I don’t think there’s enough evidence to draw hard conclusions about this section’s accuracy in either direction, but I would err on the side of thinking ai-2027′s description is correct.
Footnote 10, visible in your screenshot, reads:
For example, we think coding agents will move towards functioning like Devin. We forecast that mid-2025 agents will score 85% on SWEBench-Verified.
SOTA models score at:
• 83.86% (codex-1, pass@8)
• 80.2% (Sonnet 4, pass@several, unclear how many)
• 79.4% (Opus 4, pass@several)
(Is it fair to allow pass@k? This Manifold Market doesn’t allow it for its own resolution, but here I think it’s okay, given that the footnote above makes claims about ‘coding agents’, which presumably allow iteration at test time.)
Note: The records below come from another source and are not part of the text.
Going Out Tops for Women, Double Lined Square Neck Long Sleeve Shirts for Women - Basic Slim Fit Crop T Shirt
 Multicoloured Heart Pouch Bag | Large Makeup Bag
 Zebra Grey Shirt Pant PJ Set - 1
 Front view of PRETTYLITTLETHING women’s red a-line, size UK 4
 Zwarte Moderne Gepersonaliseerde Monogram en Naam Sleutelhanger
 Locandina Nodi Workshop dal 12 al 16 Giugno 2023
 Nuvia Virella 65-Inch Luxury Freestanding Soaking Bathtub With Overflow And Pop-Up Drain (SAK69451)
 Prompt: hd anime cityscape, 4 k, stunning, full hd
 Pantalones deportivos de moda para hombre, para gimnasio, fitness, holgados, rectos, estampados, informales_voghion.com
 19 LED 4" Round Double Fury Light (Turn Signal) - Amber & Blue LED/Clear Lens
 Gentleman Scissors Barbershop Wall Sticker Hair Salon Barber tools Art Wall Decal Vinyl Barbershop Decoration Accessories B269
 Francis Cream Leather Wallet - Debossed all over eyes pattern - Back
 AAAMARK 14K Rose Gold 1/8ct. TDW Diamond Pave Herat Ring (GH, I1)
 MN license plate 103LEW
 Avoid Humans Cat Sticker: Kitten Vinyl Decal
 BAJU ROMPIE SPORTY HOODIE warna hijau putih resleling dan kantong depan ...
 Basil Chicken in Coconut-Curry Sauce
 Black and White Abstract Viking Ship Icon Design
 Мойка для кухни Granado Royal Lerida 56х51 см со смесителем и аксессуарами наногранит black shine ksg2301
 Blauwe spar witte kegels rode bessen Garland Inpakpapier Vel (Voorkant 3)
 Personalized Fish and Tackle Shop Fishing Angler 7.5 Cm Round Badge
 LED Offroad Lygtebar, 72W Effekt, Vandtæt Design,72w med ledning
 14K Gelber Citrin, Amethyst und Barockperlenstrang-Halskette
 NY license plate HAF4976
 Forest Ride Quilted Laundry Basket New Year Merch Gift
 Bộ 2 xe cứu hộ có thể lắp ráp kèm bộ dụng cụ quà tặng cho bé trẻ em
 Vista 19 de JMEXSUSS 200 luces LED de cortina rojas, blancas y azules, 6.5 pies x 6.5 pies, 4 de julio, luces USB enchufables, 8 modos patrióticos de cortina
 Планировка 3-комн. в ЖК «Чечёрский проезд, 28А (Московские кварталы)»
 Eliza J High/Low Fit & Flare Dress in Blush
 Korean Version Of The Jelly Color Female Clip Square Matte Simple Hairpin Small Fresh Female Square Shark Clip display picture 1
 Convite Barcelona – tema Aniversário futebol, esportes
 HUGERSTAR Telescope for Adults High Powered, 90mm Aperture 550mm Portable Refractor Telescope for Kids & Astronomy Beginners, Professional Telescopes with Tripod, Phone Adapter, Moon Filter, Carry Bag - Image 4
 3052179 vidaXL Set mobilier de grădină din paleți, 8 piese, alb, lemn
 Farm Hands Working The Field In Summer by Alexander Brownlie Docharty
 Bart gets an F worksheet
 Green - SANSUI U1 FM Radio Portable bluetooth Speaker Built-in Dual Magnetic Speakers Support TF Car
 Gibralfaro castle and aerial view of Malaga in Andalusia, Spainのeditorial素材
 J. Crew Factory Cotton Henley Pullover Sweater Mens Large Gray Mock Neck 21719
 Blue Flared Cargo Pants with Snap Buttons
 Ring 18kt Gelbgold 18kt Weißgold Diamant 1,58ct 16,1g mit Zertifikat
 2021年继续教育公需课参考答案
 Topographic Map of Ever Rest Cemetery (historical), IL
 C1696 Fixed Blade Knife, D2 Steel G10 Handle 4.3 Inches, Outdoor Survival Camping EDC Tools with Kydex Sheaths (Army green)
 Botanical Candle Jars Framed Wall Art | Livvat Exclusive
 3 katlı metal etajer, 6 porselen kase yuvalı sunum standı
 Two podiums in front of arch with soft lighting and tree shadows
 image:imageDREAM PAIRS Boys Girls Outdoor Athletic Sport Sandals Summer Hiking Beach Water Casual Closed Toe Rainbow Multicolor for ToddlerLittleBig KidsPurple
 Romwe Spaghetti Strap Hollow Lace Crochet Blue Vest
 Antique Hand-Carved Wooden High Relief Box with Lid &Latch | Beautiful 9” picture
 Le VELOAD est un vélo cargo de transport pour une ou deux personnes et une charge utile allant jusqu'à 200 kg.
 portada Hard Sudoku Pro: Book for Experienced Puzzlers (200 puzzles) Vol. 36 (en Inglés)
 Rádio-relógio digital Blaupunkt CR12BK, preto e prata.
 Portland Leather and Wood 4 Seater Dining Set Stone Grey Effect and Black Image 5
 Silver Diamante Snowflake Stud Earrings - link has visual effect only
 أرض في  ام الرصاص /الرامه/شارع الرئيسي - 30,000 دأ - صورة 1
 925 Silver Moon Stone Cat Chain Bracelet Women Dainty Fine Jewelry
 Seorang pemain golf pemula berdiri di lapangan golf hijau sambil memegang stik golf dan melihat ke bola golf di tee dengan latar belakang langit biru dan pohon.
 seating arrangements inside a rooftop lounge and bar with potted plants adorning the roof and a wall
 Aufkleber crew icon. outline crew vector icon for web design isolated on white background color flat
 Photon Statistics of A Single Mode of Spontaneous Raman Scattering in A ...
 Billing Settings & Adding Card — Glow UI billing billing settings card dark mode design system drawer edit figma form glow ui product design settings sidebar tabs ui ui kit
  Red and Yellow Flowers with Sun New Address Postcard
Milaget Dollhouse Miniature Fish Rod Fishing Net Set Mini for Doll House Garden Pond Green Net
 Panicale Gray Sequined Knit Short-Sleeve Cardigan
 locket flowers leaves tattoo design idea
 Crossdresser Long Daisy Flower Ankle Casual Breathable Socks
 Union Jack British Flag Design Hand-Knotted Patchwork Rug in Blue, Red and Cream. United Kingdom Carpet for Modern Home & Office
Also, note the following paragraph immediately after your screenshot:
The agents are impressive in theory (and in cherry-picked examples), but in practice unreliable. AI twitter is full of stories about tasks bungled in some particularly hilarious way. The better agents are also expensive; you get what you pay for, and the best performance costs hundreds of dollars a month.11 Still, many companies find ways to fit AI agents into their workflows.12
AI twitter sure is full of both impressive cherry-picked examples, but also stories about bungled tasks. I also agree that the claims about “find[ing] ways to fit AI agents into the workflows” is exceedingly weak. But it’s certainly happening. A quick Google for “AI agent integration” turns up this article from IBM, where agents are diffusing across multiple levels of the company.
Sorry, this is the most annoying kind of nitpicking on my part, but since I guess it’s probably relevant here (and for your other comment responding to Stanislav down below), the center point of the year is July 2, 2025. So we’re just two weeks past the absolute mid-point – that’s 54.4% of the way through the year.
Also, the codex-1 benchmarks released on May 16, while Claude 4′s were announced on May 22 (certainly before the midpoint).